Por: Marco Fernández Leyes
Hace tiempo que la ciudad está incompleta. Una herida se expande de modo sutil. Los bancos con respaldo están bajo amenaza y el problema avanza sin que a nadie parezca interesarle encontrar una solución. ¿Acaso no ven que se corrompe la razón de ser de las plazas si los quitan? Noten que esas nobles criaturas con tablones de madera y laterales de cemento o acero constituyen el engranaje visible que motoriza una estructura que nos excede y funciona más allá de lo que nuestro efímero paso por la tierra nos permite apreciar.
Tengo la impresión de que los bodoques de hormigón por los que son reemplazados se comportan de la misma manera que las especies foráneas cuando son introducidas a un ecosistema que no les es propio. Luego de un breve período de adaptación proceden a aniquilar a sus competidores sin darles tiempo a generar mecanismos de defensa. Son depredadores impiadosos que ascienden de modo imprevisto al tope de la cadena alimentaria y contra los cuales no existen armaduras ni conjuros que permitan ejecutar algún tipo de defensa. Distinto es el caso de la lluvia y el sol, los cambios de estación o las termitas. Todos ellos forman parte del pacto necesario con la naturaleza. Tampoco los grafittis representan una amenaza, sino que dan cuenta de los lazos profundos con la comunidad. Estas interacciones llegan a casos extremos como el del escultor irreverente que muchas décadas atrás conjugó naturaleza y urbanismo al entrelazar un árbol, su tronco, con el banquito. Nada los separó desde entonces y allí permanecen unidos para quienes deseen verlos como testimonio evolutivo que haría las delicias de Darwin.

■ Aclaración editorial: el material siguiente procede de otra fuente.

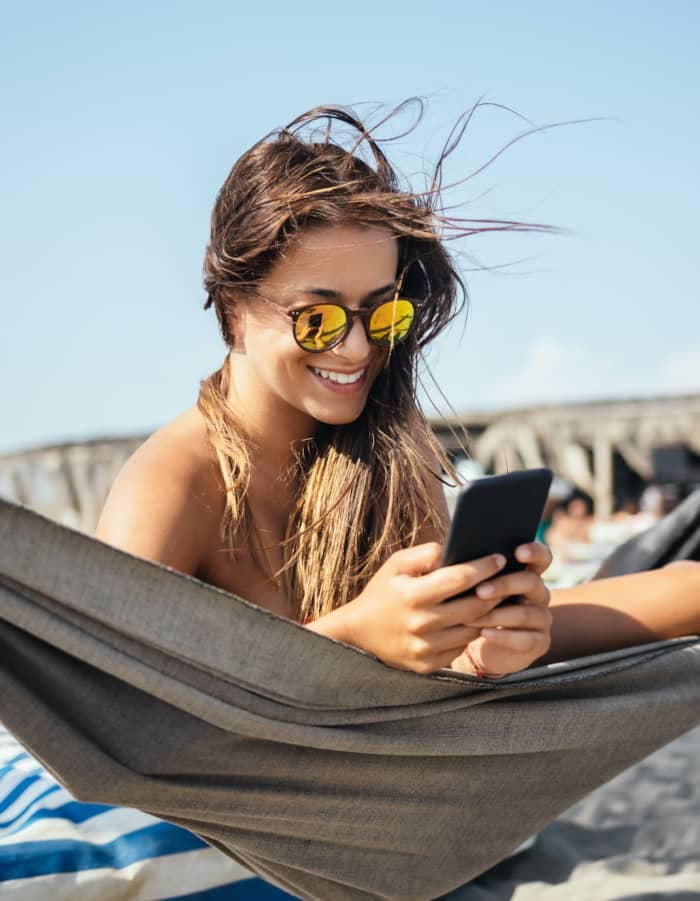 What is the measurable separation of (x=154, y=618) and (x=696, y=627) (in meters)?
1.08

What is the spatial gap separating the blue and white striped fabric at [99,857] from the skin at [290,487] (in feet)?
1.52

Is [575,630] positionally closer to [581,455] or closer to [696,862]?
[696,862]

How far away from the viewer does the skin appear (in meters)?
1.81

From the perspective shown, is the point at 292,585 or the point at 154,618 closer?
the point at 154,618

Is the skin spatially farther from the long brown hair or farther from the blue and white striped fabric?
the blue and white striped fabric

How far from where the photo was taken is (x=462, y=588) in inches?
58.5

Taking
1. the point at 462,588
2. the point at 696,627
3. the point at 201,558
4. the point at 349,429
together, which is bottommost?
the point at 462,588

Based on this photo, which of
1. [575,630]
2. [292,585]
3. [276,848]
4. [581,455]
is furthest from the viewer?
[581,455]

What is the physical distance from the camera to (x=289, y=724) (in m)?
1.55

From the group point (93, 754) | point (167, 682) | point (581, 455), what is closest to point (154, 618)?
point (167, 682)

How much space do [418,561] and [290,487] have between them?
0.72 m

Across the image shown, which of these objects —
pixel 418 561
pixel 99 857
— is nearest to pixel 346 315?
pixel 418 561

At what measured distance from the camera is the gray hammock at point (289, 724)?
1.46 meters

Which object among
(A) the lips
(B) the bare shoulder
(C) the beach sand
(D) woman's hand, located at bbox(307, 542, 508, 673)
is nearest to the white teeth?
(A) the lips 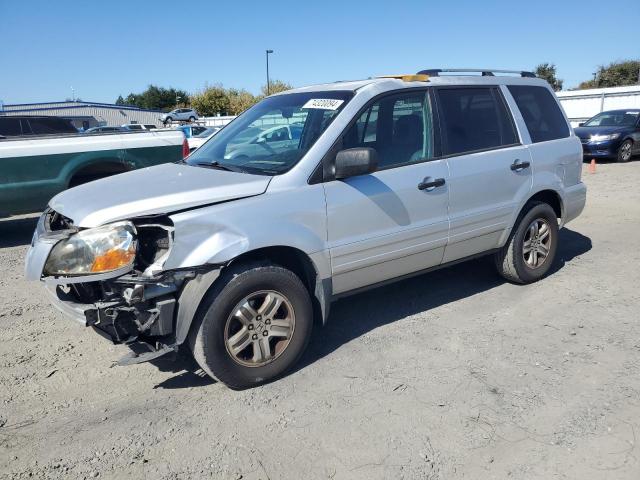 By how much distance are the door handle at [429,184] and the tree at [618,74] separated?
231 ft

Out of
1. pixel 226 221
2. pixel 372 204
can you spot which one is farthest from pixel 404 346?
pixel 226 221

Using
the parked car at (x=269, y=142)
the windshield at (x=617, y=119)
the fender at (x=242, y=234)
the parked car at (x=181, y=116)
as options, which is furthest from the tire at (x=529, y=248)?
the parked car at (x=181, y=116)

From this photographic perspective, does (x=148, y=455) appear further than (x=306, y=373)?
No

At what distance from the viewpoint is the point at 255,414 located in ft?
10.6

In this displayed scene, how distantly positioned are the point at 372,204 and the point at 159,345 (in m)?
1.73

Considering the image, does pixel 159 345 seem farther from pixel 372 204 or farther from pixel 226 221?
pixel 372 204

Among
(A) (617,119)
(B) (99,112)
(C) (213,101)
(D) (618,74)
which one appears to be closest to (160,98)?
(C) (213,101)

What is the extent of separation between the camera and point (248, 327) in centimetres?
344

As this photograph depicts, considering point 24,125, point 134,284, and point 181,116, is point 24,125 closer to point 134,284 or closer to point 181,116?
point 134,284

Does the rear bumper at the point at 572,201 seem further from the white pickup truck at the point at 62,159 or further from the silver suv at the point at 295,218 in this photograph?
the white pickup truck at the point at 62,159

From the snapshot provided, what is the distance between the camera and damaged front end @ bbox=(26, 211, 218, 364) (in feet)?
10.2

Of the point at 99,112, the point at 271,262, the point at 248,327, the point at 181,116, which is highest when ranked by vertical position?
the point at 99,112

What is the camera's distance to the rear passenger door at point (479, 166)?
444 centimetres

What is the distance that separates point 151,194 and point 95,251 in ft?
1.61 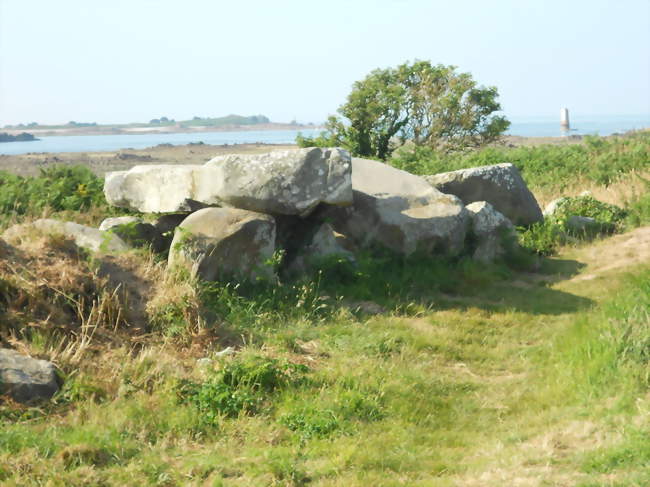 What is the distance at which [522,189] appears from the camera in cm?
1444

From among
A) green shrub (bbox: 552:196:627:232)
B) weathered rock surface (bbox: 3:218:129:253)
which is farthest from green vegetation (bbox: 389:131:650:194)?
weathered rock surface (bbox: 3:218:129:253)

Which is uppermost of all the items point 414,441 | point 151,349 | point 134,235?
point 134,235

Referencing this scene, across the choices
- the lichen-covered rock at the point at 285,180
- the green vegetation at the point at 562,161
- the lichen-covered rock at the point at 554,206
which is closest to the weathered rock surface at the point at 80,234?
the lichen-covered rock at the point at 285,180

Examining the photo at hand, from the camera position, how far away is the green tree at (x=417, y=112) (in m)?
26.5

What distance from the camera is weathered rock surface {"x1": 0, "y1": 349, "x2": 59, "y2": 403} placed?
21.1 feet

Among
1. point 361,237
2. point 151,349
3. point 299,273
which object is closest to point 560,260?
point 361,237

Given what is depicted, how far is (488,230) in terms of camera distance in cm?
1245

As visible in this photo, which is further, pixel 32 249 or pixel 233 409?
pixel 32 249

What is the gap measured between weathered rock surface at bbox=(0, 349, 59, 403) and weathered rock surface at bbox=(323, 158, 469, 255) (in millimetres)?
5314

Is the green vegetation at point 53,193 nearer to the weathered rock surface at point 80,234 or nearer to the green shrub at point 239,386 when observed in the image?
the weathered rock surface at point 80,234

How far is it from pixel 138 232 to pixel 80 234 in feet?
2.48

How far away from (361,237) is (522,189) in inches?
171

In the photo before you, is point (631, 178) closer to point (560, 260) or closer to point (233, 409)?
point (560, 260)

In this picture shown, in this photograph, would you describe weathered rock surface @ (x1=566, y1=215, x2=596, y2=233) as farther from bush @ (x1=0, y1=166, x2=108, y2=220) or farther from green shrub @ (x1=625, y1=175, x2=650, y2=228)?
bush @ (x1=0, y1=166, x2=108, y2=220) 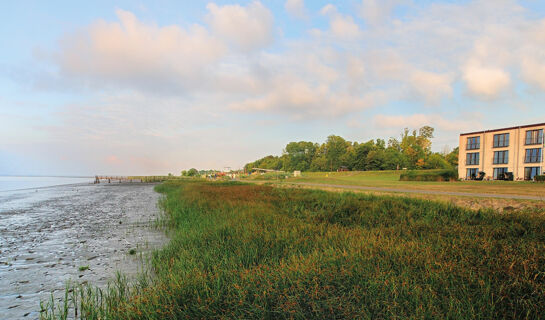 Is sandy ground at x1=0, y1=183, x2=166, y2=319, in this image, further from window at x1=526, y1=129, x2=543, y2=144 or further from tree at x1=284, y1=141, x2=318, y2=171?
tree at x1=284, y1=141, x2=318, y2=171

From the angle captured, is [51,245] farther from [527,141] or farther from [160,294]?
[527,141]

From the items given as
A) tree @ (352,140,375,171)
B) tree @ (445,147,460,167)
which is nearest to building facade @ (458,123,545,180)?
tree @ (445,147,460,167)

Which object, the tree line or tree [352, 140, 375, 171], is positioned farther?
tree [352, 140, 375, 171]

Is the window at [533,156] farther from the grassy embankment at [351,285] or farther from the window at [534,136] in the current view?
the grassy embankment at [351,285]

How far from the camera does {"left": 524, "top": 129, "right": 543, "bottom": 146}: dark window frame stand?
35.2 meters

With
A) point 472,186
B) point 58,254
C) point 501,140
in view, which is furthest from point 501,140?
point 58,254

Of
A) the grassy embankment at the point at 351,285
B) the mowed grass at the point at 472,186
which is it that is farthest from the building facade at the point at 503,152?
the grassy embankment at the point at 351,285

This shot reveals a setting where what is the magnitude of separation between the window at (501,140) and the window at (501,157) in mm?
1028

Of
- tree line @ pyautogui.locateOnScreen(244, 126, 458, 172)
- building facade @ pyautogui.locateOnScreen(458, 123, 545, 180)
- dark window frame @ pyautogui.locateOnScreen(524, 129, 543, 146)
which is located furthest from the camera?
tree line @ pyautogui.locateOnScreen(244, 126, 458, 172)

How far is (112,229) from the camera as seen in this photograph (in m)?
11.1

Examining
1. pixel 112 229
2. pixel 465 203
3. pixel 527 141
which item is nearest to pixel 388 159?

Más allá de todo, cualquiera de estas cosas sería esperables, aunque pusieran en jaque la existencia banqueril. Estaríamos ante una parte más del ciclo vital. El deterioro es el precio lógico de la existencia, el reverso de la moneda. Algo así como entregar una cosa a cambio de otra. Sin embargo, el sometimiento que los paralelepípedos rectangulares ejecutan sobre los mansos banquitos es una conducta que pertenece a otra categoría. Daría igual que en vez de bancos fueran columnas o ladrillos de construcción en seco. Cuando lo impersonal es la regla la sustancia desaparece. Por eso son huecos: están condicionados a existir sin alma. No podrían ser de otra forma. No les queda alternativa.
Presten atención cuando caminan por la ciudad o la recorren a bordo de motos autos o transporte público. Solo quedan algunas plazas y espacios públicos en los que encontremos bancos con respaldo. Fuera de allí es como si nunca hubieran existido. Resulta imposible hallar un solo vestigio de su paso entre nosotros. Estamos ante una situación gravísima. Tanto que si fuera posible mediarla, más que seguro el indicador iría a situarse en el extremo rojo del espectro. Peligro de extinción total, anunciaría. El ritmo al que avanza la destrucción es tan acelerado que en poco tiempo la hojarasca de recuerdos será barrida fuera de la memoria colectiva. Entonces llegará el fin. Lo irreversible.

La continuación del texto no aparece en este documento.